====== THE INPUT

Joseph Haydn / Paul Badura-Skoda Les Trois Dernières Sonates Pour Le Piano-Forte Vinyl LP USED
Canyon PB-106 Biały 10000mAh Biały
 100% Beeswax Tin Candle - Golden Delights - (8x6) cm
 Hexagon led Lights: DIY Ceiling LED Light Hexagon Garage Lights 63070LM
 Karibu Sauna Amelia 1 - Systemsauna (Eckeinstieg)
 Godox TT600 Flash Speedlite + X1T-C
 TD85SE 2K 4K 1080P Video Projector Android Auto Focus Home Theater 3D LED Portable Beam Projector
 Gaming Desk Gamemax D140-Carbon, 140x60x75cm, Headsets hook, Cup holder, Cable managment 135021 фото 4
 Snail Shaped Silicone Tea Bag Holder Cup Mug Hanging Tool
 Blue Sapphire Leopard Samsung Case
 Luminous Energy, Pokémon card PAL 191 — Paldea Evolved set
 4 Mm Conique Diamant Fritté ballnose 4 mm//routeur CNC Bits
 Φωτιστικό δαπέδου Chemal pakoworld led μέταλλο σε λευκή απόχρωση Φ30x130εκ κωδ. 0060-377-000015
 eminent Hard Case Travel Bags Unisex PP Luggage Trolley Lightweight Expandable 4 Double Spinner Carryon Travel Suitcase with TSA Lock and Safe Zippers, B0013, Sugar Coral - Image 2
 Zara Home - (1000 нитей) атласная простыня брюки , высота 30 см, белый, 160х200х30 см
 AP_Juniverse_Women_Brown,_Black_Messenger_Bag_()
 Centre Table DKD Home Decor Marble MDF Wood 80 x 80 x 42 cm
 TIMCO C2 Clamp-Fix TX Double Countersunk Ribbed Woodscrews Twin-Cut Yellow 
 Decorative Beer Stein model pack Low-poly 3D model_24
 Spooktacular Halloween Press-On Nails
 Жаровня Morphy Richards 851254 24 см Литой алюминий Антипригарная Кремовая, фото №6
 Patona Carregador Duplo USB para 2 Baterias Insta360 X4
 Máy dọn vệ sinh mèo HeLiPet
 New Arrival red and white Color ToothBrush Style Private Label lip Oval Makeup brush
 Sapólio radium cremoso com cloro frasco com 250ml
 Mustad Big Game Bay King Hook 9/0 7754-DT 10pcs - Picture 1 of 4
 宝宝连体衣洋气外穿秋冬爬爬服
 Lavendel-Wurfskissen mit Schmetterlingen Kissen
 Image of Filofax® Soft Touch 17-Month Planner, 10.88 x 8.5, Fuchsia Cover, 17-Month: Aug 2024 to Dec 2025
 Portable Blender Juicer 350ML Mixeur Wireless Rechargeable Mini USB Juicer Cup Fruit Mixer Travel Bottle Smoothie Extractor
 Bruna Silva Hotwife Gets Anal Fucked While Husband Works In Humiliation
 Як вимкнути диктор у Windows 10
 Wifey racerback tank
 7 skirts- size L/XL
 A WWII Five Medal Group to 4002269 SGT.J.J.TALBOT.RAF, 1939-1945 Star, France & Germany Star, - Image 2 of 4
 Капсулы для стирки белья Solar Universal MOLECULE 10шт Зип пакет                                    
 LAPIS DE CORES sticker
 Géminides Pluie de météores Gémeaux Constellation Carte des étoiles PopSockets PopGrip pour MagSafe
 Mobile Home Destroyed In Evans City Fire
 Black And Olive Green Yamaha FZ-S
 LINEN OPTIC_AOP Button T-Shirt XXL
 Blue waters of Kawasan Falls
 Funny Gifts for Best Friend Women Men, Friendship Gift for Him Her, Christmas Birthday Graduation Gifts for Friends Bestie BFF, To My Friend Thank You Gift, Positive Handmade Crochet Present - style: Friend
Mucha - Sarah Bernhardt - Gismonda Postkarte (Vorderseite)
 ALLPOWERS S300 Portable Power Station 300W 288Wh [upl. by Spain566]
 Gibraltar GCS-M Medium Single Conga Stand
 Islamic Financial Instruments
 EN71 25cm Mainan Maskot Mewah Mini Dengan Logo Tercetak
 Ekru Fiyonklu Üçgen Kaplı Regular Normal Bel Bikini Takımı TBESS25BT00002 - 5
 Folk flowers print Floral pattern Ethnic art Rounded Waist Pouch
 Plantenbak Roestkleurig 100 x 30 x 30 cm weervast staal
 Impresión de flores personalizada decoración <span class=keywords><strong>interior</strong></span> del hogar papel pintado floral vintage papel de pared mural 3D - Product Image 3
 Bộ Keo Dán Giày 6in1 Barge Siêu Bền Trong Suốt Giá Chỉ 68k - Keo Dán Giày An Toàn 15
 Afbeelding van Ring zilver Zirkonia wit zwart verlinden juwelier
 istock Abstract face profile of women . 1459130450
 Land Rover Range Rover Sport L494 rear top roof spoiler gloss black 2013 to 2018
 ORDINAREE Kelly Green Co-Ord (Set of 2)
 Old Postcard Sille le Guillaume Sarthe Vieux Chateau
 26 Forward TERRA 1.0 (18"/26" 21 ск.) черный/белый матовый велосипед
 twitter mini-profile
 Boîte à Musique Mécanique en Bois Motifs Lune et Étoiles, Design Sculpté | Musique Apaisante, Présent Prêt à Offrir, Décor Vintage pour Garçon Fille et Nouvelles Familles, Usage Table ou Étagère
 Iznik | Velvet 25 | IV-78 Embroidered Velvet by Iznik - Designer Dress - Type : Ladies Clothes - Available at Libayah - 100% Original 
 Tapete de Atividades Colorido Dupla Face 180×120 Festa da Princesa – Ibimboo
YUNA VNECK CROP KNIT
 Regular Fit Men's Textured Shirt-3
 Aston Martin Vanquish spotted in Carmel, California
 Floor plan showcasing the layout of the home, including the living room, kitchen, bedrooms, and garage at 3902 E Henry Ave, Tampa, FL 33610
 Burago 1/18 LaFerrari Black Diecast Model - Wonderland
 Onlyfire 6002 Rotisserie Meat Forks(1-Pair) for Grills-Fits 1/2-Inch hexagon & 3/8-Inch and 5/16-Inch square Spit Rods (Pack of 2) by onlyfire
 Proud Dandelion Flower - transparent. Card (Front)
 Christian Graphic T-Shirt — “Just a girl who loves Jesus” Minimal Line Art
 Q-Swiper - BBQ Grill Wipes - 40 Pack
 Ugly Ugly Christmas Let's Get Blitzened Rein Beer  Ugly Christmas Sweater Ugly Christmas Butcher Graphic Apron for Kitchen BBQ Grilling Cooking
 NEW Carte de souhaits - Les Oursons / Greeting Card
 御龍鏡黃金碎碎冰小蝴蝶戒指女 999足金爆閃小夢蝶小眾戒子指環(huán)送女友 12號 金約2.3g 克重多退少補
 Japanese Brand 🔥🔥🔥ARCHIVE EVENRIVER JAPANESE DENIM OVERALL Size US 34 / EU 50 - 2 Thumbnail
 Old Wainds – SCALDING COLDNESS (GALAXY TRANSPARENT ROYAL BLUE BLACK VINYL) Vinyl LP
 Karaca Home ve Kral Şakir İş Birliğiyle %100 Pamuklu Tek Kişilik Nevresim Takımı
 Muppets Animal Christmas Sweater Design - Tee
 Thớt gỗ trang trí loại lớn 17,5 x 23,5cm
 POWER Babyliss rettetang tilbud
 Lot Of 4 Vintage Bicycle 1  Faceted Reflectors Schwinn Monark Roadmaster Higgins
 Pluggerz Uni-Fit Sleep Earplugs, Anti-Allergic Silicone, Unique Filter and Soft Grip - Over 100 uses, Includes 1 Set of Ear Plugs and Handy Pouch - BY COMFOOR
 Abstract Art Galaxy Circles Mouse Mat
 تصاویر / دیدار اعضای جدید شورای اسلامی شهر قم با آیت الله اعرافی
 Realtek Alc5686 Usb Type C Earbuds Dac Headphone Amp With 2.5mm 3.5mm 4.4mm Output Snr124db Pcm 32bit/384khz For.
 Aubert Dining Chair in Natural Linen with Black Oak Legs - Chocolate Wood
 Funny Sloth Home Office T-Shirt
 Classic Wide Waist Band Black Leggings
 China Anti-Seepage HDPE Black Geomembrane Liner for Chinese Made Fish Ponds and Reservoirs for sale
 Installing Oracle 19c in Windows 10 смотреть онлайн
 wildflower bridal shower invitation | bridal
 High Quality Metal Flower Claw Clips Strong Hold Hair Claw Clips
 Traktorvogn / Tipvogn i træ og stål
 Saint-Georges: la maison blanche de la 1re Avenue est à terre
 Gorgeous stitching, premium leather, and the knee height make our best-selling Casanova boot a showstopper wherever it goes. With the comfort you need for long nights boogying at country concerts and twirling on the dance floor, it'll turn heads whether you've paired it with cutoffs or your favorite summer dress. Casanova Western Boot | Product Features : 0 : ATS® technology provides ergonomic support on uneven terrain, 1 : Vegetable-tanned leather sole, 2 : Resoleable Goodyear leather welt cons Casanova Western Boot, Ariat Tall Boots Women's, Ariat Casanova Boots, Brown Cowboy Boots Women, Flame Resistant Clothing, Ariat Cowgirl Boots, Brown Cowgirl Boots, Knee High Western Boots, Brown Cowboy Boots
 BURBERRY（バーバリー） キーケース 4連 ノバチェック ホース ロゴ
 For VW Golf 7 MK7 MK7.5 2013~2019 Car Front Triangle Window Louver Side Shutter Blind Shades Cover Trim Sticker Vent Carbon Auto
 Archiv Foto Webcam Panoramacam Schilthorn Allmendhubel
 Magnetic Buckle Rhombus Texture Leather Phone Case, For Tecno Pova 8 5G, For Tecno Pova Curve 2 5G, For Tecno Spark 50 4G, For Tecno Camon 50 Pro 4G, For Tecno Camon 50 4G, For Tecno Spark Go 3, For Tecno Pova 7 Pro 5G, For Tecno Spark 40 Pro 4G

============

TASK OBJECTIVE: Among the records above, extract exactly the lines from the line with "御龍鏡黃金碎碎冰小蝴蝶戒指女 999足金爆閃小夢蝶小眾戒子指環(huán)送女友 12號" to the line with "Old Wainds –", both lines included, and leave out the rest.

OUTPUT FOR THIS TASK:
 御龍鏡黃金碎碎冰小蝴蝶戒指女 999足金爆閃小夢蝶小眾戒子指環(huán)送女友 12號 金約2.3g 克重多退少補
 Japanese Brand 🔥🔥🔥ARCHIVE EVENRIVER JAPANESE DENIM OVERALL Size US 34 / EU 50 - 2 Thumbnail
 Old Wainds – SCALDING COLDNESS (GALAXY TRANSPARENT ROYAL BLUE BLACK VINYL) Vinyl LP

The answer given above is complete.